Gazzaley's group found evidence of a possible brain mechanism that may explain the improvements he saw in his older subjects, and why these gains transferred to other cognitive areas. Electroencephalograph (EEG) recordings point to changes in a neural network involved in cognitive control, which is necessary to pursue goals.
The scientists measured midline frontal theta -- or low frequency oscillations -- in the prefrontal cortex, as well as the coherence in these waves between frontal and posterior regions of the brain. As the older "drivers" became more adept at the multitasking challenges of NeuroRacer, their brains modulated this key neural network and its activity began to resemble that of young adults.
Both of these measures -- midline frontal theta and theta coherence -- are well established neural markers of cognitive control that have been associated with many of the processes that enable people to pursue their goals.
We see this as evidence that the training may have improved our study participants' ability to stay in an engaged, active state for a longer period of time," said Joaquin A. Anguera, the paper's first author and a post-doctoral fellow in Gazzaley's lab.
Indeed, the researchers found that the training-induced changes in this neural network predicted how well participants would do on a different test, called the Test of Variables of Attention (TOVA), which measures sustained attention.
"The amount that midline frontal theta went up was related to something that was untrained, this other measure, the TOVA," Anguera said. "It implies there's something that changed that was common to the training and to the task we tested afterwards."

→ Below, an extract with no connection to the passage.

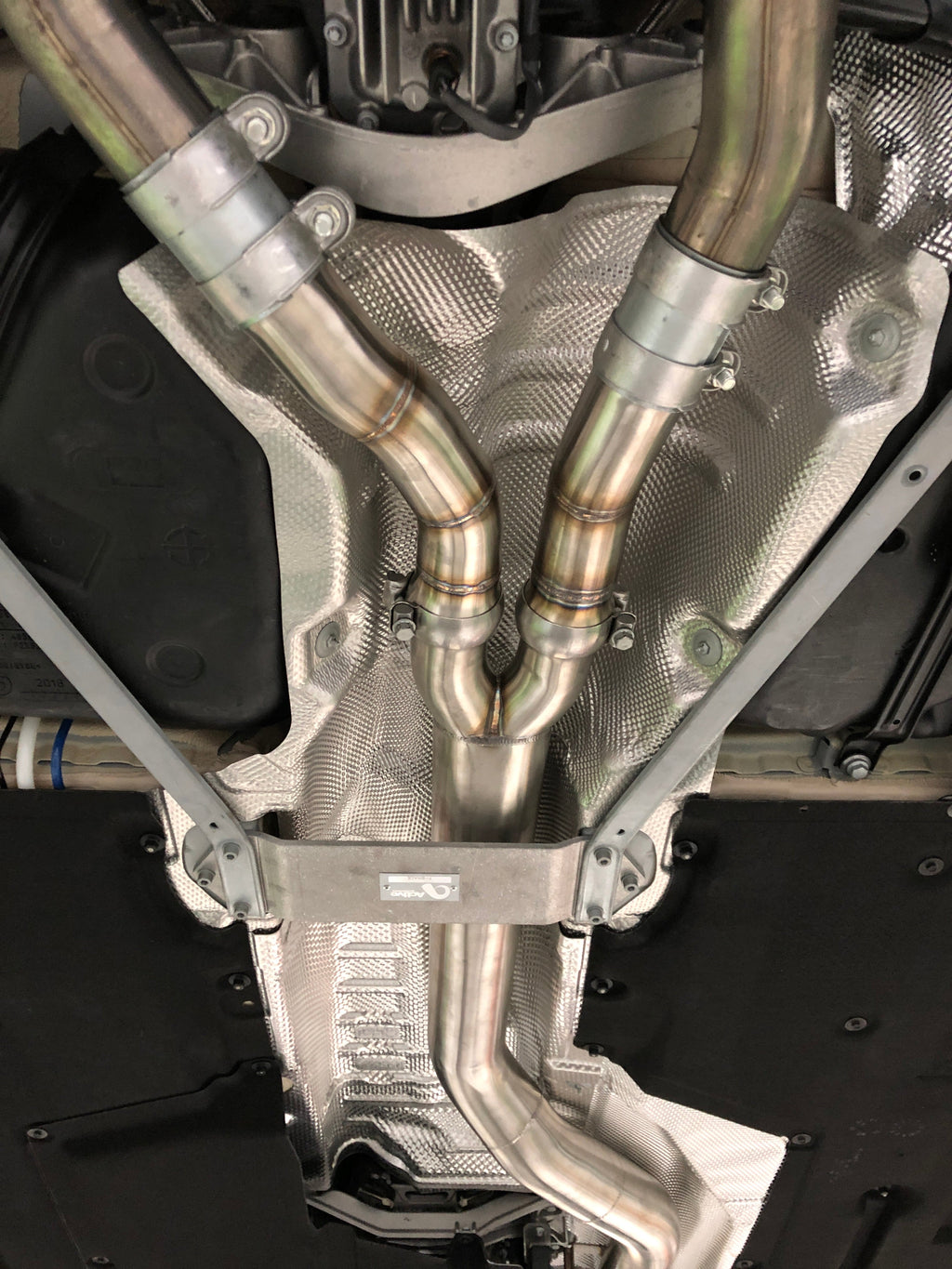F87 BMW M2 Competition Mid Pipe includes Active F-brace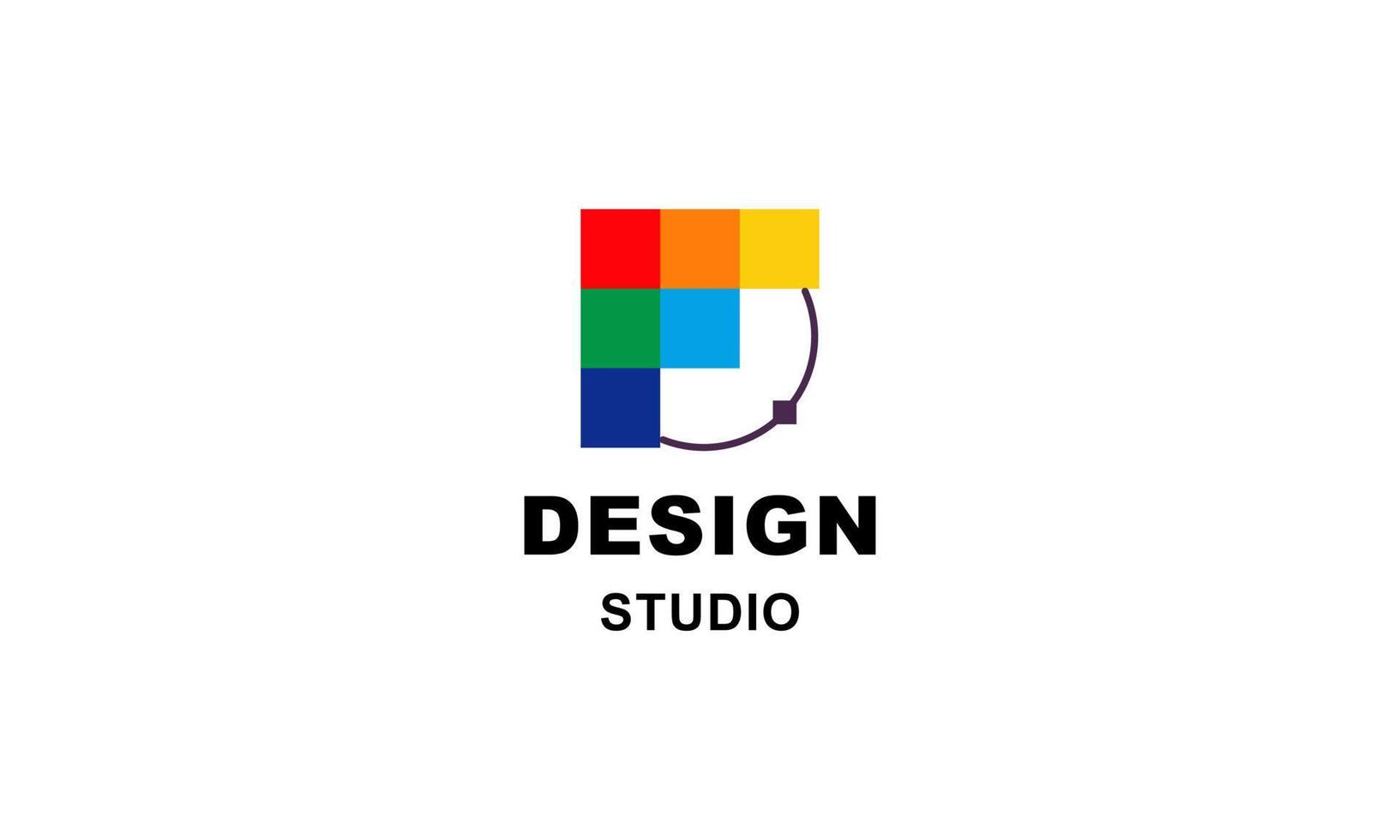 logo dello strumento grafico e studio di web design vettore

Gazzaley said these findings point toward a common neural basis of cognitive control that is enhanced by the challenging and high-interference conditions of the video game, and this might explain how racing a car in 3-D could improve something as seemingly unrelated as memory.
If the finding holds, it could have wide application. Other brain disorders like ADHD, depression and dementia are also associated with deficits in cognitive control.
"Follow up studies using functional Magnetic Resonance Imaging and transcranial electrical stimulation are still needed to better understand exactly how this network is involved in the performance changes," Gazzaley said.
Other authors of the article, "Video game training enhances cognitive control in older adults," include Jacqueline Boccanfuso, Jean Rintoul, Omar Al-Hashimi, Farshid Faraji, Jacki Janowich, Erwin Kong, Yudy Larraburo, Cammie Rolle and Eric Johnston.
Gazzaley is co-founder and chief science advisor of Akili Interactive Labs, which is developing cognitive video game software as diagnostic and therapeutic tools, and has a patent pending on a game-based cognitive intervention he developed from the research presented in the paper.
The study was funded under Health Games Research, a program of the Robert Wood Johnson Foundation and by the National Institute on Aging. Anguera is also supported by a UCSF Institutional Research and Career Development Award.